§ Exercise requirements
Please return each of the entries exactly, minus their pictures.

Captioned web image data
== Segment start ==

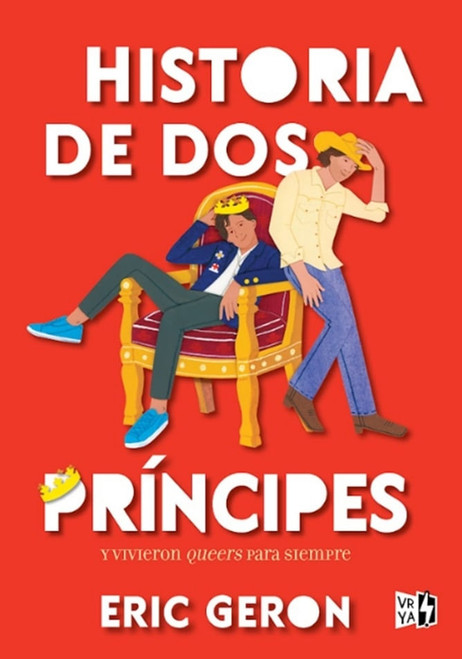Cover book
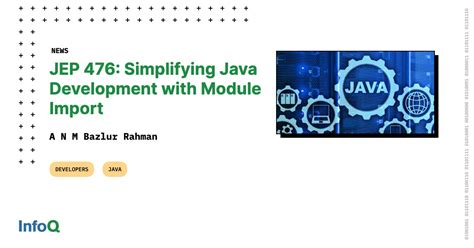 Afbeeldingsresultaten voor Java Module Hierarchy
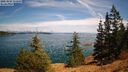 ./images/quadra/bluff/20250803/bluff20250803_141009M.jpg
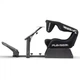 Кресло игровое Playseat Evolution PRO - ActiFit (REP.00262) Playseat REP.00262 996602 - изображение 7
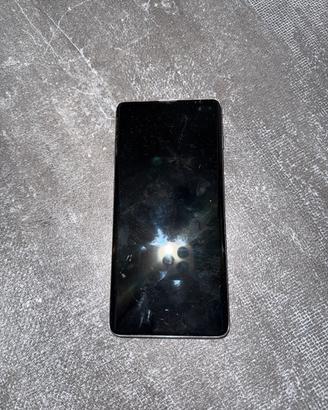 Samsung s10 plus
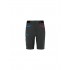 Millet Trilogy Icon Touring Shorts - L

== Segment end ==

§ Your solution
Cover book
 Afbeeldingsresultaten voor Java Module Hierarchy
 ./images/quadra/bluff/20250803/bluff20250803_141009M.jpg
 Кресло игровое Playseat Evolution PRO - ActiFit (REP.00262) Playseat REP.00262 996602 - изображение 7
 Samsung s10 plus
 Millet Trilogy Icon Touring Shorts - L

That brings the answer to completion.